Too many brands in the fashion and accessories industry fall on two sides of an ever-widening void: On the one side, the churning out of cheaply made, mass-produced goods that pursue of profit by at the expense of people and the environment. On the other, the so-called high-end brands that are created to be exclusive signifiers of wealth, elitism and station over the common-folk.

The Masses, Co. is less concerned with positioning the brand in the middle of this market void as much as we are with disrupting this system entirely.

Maybe that’s an ambitious goal for a one-person shop, staffed by a full-time professional teacher and a full-time creative director and craftsman for The Masses Brand. It’s possible I made the wrong choices to support my aesthetic interests as a bon vivant. That’s why I’ve embraced a polymath’s DIY-everything philosophy.

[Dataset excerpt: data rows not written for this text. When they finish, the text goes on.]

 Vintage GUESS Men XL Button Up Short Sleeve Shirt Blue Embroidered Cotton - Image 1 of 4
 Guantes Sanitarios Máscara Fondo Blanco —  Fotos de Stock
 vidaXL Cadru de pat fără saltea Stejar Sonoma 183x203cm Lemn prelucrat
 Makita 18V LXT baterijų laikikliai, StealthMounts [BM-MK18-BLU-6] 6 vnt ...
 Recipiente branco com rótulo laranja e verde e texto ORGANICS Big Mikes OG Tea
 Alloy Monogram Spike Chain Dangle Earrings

My father has a few well-used mantras: “If something is worth doing, it’s worth doing well” he’d often tell me as I’d assist him in whatever home maintenance and repair job that happened to require his attention on any given weekend. Other times, he’d remind me that “if something is worth having, it’s worth sacrifice to gain.” I have these mantras in my studio, too, as it became clear to me at an early age that things I wanted were always best when I created them myself. Store-bought things always led to some disappointment. Some marketing executives somewhere would always find ways to sell satisfaction, by cutting corners, skimping on cost and sacrificing quality and packaging Myth. These things would all inevitably break prematurely and I was never happy with how department store clothes hung on my body. Incredulously, I’d ask my father why, if all this stuff was manufactured by people somewhere, didn’t they take the time to just do it right the first time. While I’m not entirely sure if it was in the content of his refrain or in my own analysis (holding the flashlight for my father always left me plenty of time for my mind to wander about such things), but somewhere in these observations, I must have been radicalized.

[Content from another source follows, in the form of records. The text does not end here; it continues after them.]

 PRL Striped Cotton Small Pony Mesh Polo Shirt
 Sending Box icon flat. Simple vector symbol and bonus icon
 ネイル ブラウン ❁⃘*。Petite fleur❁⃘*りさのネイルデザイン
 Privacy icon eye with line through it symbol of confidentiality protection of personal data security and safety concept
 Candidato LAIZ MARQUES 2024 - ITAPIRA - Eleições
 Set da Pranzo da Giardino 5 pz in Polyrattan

In the early twentieth century, capital was on the rise, and artisan-owned modes of production were on the decline. A pro-labor publication burst on the scene, concerned with (among other things) capital rapidly being concentrated in the coffers of people who really didn’t do much, who knew no tangible skills, but who owned things, and a middle-class that would own fewer and fewer of the means to their ends of self-determination. These groups would also attempt to sound the alarms of the rise of the robber barons and the impending bursting of the mass-production bubble. This magazine was called The Masses, and while it’s not directly eponymous with the Masses Brand, the ideological references of each entity are no doubt intertwined.

I can’t, in good faith, put forth that any entrepreneurial endeavor may be as well an anti-capital endeavor. While I am sure that there is room in the theory for such a claim, my scholarship has not illuminated that nuance. My personal experience, as limited though that may be, has. Although my personal enterprise is at (1.) privately owned (by me and only me) and is (2.) organized in such a way to deliver profits in the form of liquid capital, I nevertheless attest that to The Masses Brand is built on several ideological pillars in order to disrupt the mindless consumer binary as described previously:

  1. Create humble goods that can be distributed with pride.

  2. Let no-one be bound by exploitation.

  3. Utilitarianism, durability and aesthetics must coexist now, as in the future.

  4. The relationship is the product.

With these pillars as The Masses Co. lodestone, I see great potential in delivering beautiful goods made in ethical conditions. I truly hope you’ll join me in this movement.